The last part of the analysis compares performance of subjects enlisted using Amazon Turk (MTurk) with students. There are several works dupicating lab studies using MTurk showing similar patterns of behavior [1]. In our work, we found that in general, students were better performers than MTurk workers (average score was 123 points for students and 109 points for MTurk workers). This can be explained by the fact that students were significantly more selfish as second proposers (average 45 points for students and 20 points for MTurk workers). Also, MTurk workers accepted significantly more proposals than did students in the first round (75 % average acceptance rate for MTurk compared to 59 % average acceptance rate for students). These results suggest that integrating information revelation with negotiation required more cognitive effort from people than canonical decision-making tasks.

8.4 Limitations

We conclude this section with describing several limitations of our approach. First, our definition of revelation games, which the SIGAL decision-making model is tailored to support, defines a single revelation phase followed by two rounds of take-it-or-leave-it offers. This model fails to describe more involved negotiations which may include additional rounds or multiple instances of revelation. Indeed, some agents may wish to reveal their goal only after not succeeding to reach agreement in several rounds. Allowing for more involved revelation protocols raises significant computational challenges which remain outside the scope of this paper. Second, the decision-making model used by SIGAL in this paper assumes that all people use tit-for-tat reasoning when predicting their performance, which may not hold in practice. Indeed, or results showed considerable variance in people’s behavior for different countries. We hypothesize that learning separate decision-making models for each conuntry may additionally improve the prediction power of SIGAL and consequently, its performance.
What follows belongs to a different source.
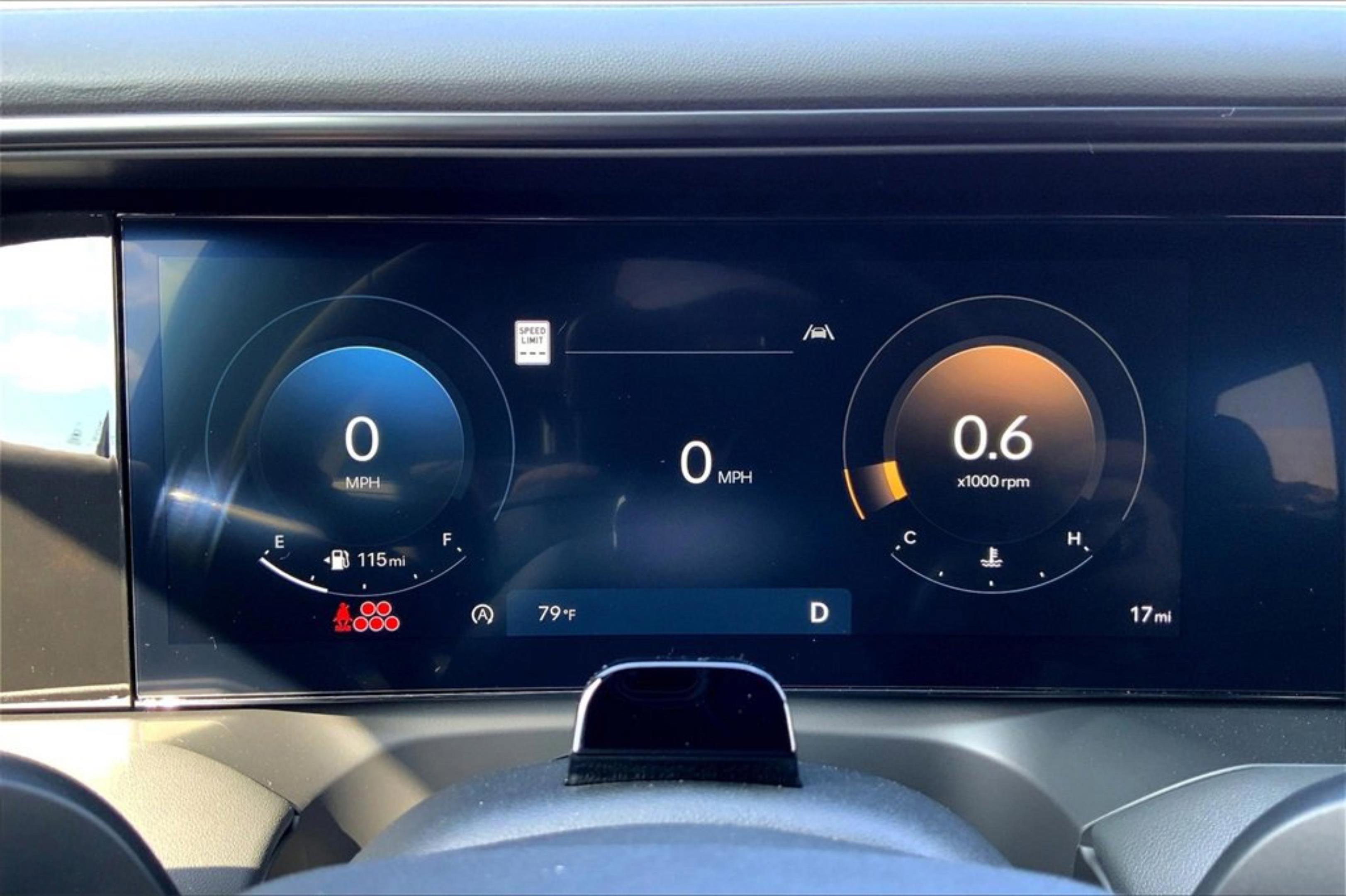 New 2026 Hyundai Palisade XRT Pro image 26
9 Conclusion and future work

This paper presented an agent-design for interacting with people in “revelation games”, in which participants are given the choice to truthfully reveal private information prior to negotiation. The decision-making model used by the agent reasoned about the social factors that affect people’s decisions whether to reveal their goals, as well as the effects of people’s revelation decisions on their negotiation behavior. The parameters of the model were estimated from data consisting of people’s interaction with other people. In empirical investigations, the agent was able to outperform people playing other people as well as agents playing equilibrium strategies and was able to reach agreement significantly more often than did people. We are currently extending this work in two directions. First, we are considering more elaborate settings in which players are able to control the extent to which they reveal their goals. Second, we are using this work as the basis for a more broad argumentation in which agents integrate explanations and justifications within their negotiation process. Lastly, information revelation strategies can also be adopted by the negotiation community at large, for example in the International Automated Negotiation Agent Competition (ANAC) [3].